Visually inspect / detect a questionable unfolding fit:

import matplotlib.pyplot as plt

from empyricalRMT.eigenvalues import Eigenvalues
from empyricalRMT.smoother import SmoothMethod

# generate time series data
T = np.random.standard_normal([1000, 250])
eigs = Eigenvalues.from_time_series(T, trim_zeros=False)

exp_unfolded = eigs.unfold(smoother=SmoothMethod.Exponential)
poly_unfolded = eigs.unfold(smoother=SmoothMethod.Polynomial, degree=5)

fig, (ax1, ax2) = plt.subplots(nrows=1, ncols=2, sharex=True, sharey=True)
exp_unfolded.plot_fit(fig=fig, axes=ax1, title="Exponential Unfolding")
poly_unfolded.plot_fit(fig=fig, axes=ax2, title="Polynomial Degree 5 Unfolding")
plt.show()

bad fit

Documentation

The source code aims to be well documented, and is the sole documentation for the project.

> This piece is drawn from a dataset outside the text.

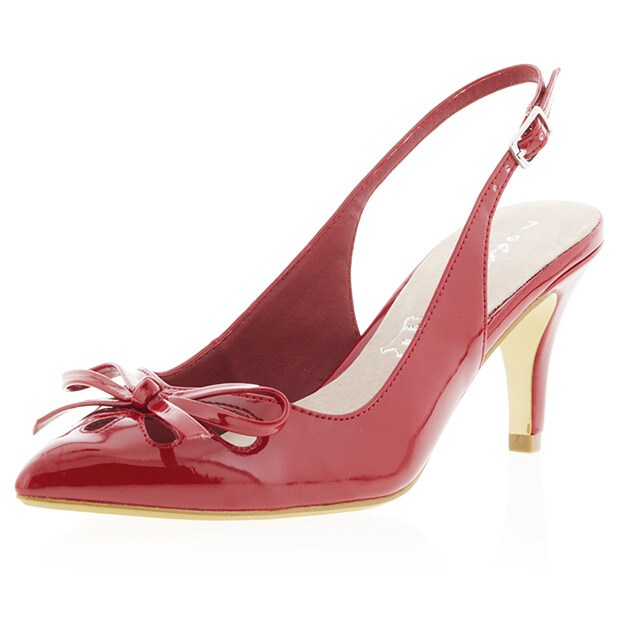 Marion Sling Back Heels Red Target Australia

If you are using Python interactively (e.g. in a Jupyter notebook or REPL) then these comments are quickly available by calling help(rmt_object). If youare using a decent IDE or editor with appropriate extensions (e.g. PyCharm, VSCode, modern Jupyter) you should be able to see the documentation on mouse hover or via your editor shortcuts (e.g. Go To Definition).

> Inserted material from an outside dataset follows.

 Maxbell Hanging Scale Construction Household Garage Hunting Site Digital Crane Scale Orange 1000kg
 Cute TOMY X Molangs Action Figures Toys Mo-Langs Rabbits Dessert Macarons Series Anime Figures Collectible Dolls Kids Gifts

Mostly, you just want import empyricalRMT.eigenvalues.Eigenvalues and use either Eigenvalues.generate() to get fresh random eigenvalues, or Eigenvalues(eigs) for some ArrayLike eigs. Trimming and unfolding methods are available on Eigenvalues instances, and Eigenvalues.unfold() gives you an empyricalRMT.unfold.Unfolded instance, which has methods for visualization and/or computation of spectral observables.

Otherwise, functional forms of core functions for computing spectral observables are located in empyricalRMT.observables, if you just want to pass in raw NumPy arrays and get e.g. the spectral rigidity or level number variance.

Installation

Pip

pip install empyricalRMT

Poetry

In your project using Poetry:

poetry add empyricalRMT && poetry install

Development

git clone https://github.com/stfxecutables/empyricalRMT
cd empyricalRMT
poetry install --with dev
poetry shell

Run tests with pytest.

Windows

Note this library is completely untested on Windows, but might work, if the dependencies also work on Windows. I've tried to use practices that have led to successful portability to Windows in the past, and there is nothing too fancy going on here, but it still very likely something will break on Windows.

Limitations

This library was and is being developed on a reasonably decent machine (4 cores / 8 threads, 3.00GHz, 64GB RAM) that is currently running Ubuntu 18.04 LTS. Out of convenience, I have used Numba, but I know that this is not the most portable solution available, and may result in some issues.

Default values for most parameters were chosen because they provided reasonably accurate results (e.g. when compared to as predicted by theory) in reasonable amounts of time on this machine. I have tested the library on my old 2015 MacBook, and the defaults seem okay, but it is possible that they may not work well on your machine, especially with regards to memory.

RMT results are theoretical, and many results only hold for real numbers, as N approaches infinity. In practice, it seems that floating-point precision issues (whether in numerical integration, solving of eigenproblems, or in the convergence of some of the stochastic methods used in this library) plus the reality of working with finite matrices means that there are significant limits on the extent to which simulations agree with theory, especially when looking at long-range spectral observables (e.g. spectral rigidity or level number variance for L > 20) and when matrices are small (N < 2000).

Finally, I am just a dabbler in RMT. I have tried to limit myself to implementing only aspects I feel I understand, but I may have made some basic errors in implementation or understanding at some point. If you notice any issues or mistakes, corrections are always warmly welcomed!